INSTRUCTIONS TO FOLLOW - All lines from the one containing "Sucrier ananas année 70" through the end of the material below are to be printed exactly, both ends included, minus pictures.

INPUT DATA -

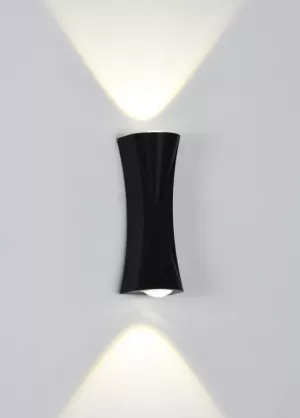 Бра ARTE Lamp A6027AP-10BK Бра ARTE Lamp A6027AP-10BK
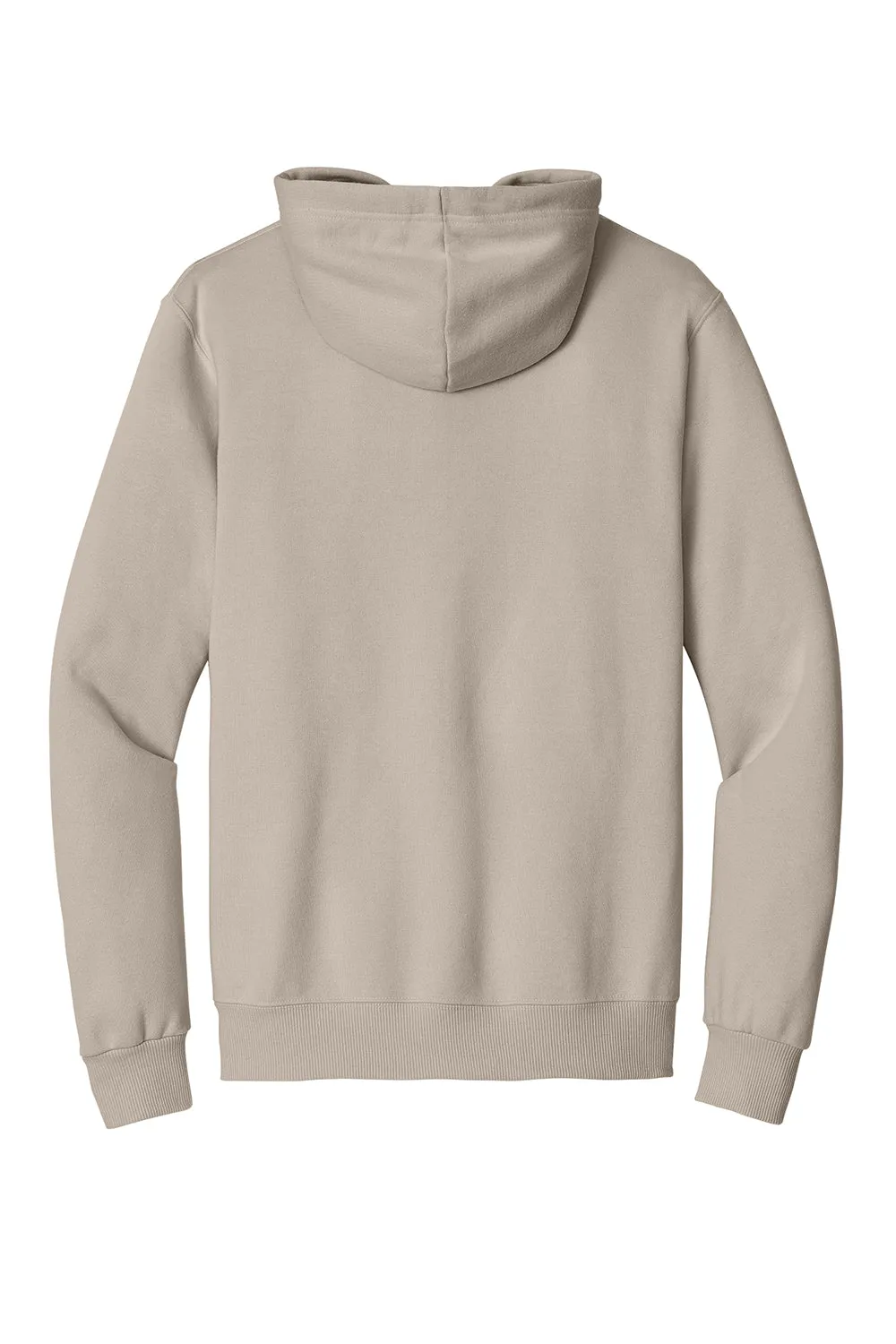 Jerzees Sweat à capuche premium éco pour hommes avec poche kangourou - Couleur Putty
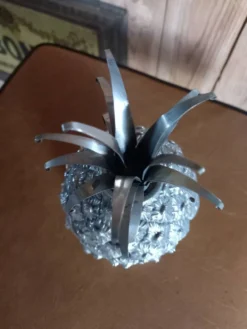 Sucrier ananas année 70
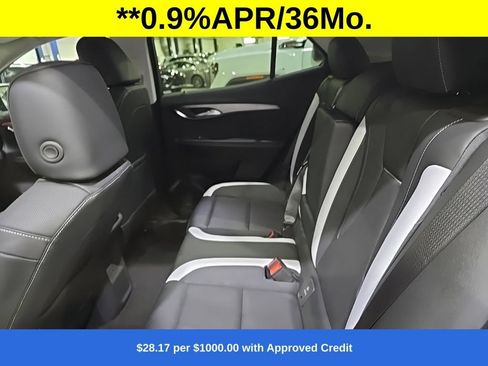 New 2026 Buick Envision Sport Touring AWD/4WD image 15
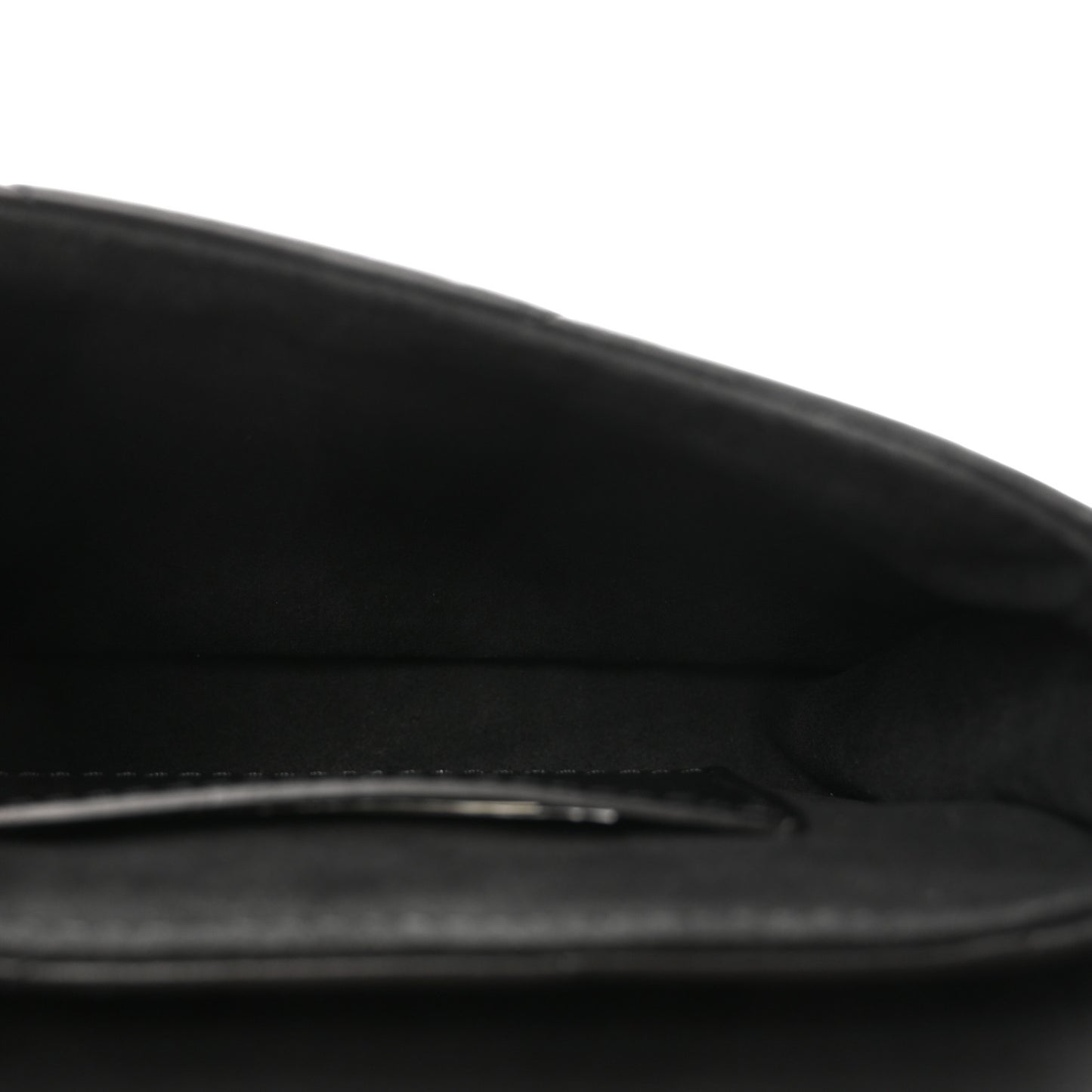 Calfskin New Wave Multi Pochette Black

WRITTEN ANSWER -
 Sucrier ananas année 70
 New 2026 Buick Envision Sport Touring AWD/4WD image 15
 Calfskin New Wave Multi Pochette Black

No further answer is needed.